I compile it as follows:

g++ -I. -O2 -Iinclude samples/wasm.cc -o wasm -lv8_monolith -Lout.gn/x64.release.sample/obj/ -pthread -std=c++17

On execution with time ./wasm, I get execution times between 4.9s and 5.1s - almost triple that of in-Chrome/WasmFiddle execution! Did I miss anything? Maybe some optimization switches? This result is perfectly reproducible and I have even tested various different versions of the V8 library - still the same result.

Solution

Ah, the joys of microbenchmarking :-)

V8 has two compilers for Wasm: a non-optimizing baseline compiler that produces code really fast, and an optimizing compiler that takes quite a bit longer to produce code, but that code is typically about twice as fast. When a module is loaded, current versions first compile all functions with the baseline compiler. Once that's done, execution can start, and optimized compilation jobs are scheduled to run in the background. When an optimized compilation job is complete, the respective function's code is swapped, and the next invocation of the function will use it. (The details here will very likely change in the future, but the general principle will remain.) That way, typical applications get both good startup latency, and good peak performance.

But, as with any heuristic or strategy, you can craft a case where it gets it wrong...

In your benchmark, each function is called only once. In the fast cases, optimizing kernel finishes before init returns. In the slow cases, kernel is called before its optimized compilation job is done, so its baseline version runs. Apparently when embedding V8 directly, you reliably get the latter scenario, whereas when running via WasmFiddle in Chrome, you get the former most of the time, but not always.

I can't explain why your custom embedding runs are even slower than the slow case in Chrome; I'm not seeing that on my machine (OTOH, in Chrome, I'm seeing an even bigger delta: about 1100ms for a fast run and 4400ms for a slow run); however I used the d8 shell instead of compiling my own embedding. One thing that's different is that when measuring with time on the command line, you include process startup and initialization, which the Date.now() calls around main() don't include. But that should only account for 10-50 milliseconds or so, not for a 3.6s → 5.0s difference.

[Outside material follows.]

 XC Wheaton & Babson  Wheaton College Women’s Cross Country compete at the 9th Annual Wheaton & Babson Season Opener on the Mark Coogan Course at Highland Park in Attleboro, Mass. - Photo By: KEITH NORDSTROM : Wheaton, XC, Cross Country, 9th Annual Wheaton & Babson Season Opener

While this situation might look quite unfortunate for your microbenchmark, it is generally working as intended, i.e. not a bug, and hence unlikely to change on V8's side. There are several things you can do to make the benchmark more reflective of real-world behavior (assuming this one doesn't exactly represent some real application you have):

execute functions multiple times; you'll see that the first run will be slower (or, depending on function size and module size and number of available CPU cores and scheduling luck, the first few runs)

wait a bit before calling the hottest functions, e.g. by doing

var wasmModule = new WebAssembly.Module(wasmCode);
var wasmInstance = new WebAssembly.Instance(wasmModule, wasmImports);
window.setTimeout(() => {
  var a = Date.now();
  wasmInstance.exports.main();
  var b = Date.now();
  log(b-a);
}, 10);

In my tests with d8 I've found that even a silly busy-wait did the trick:

let wait = Date.now() + 10;
while (Date.now() < wait) {}
instance.exports.main();

generally make the benchmark bigger and more complex: have and execute more different functions, don't just spend 99% of the time in a single line.

(FWIW, the earliest V8 versions that supported WebAssembly had no tiering, only optimized compilation. So modules always had to wait for that to finish. It was not a good user experience; for large modules the wait time could be tens of seconds. Having a baseline compiler is quite clearly the better solution overall, even if it comes at the cost of not having maximum performance available immediately. Looking good on artificial one-liners is not what matters in practice; providing a good user experience for large real-world applications matters.)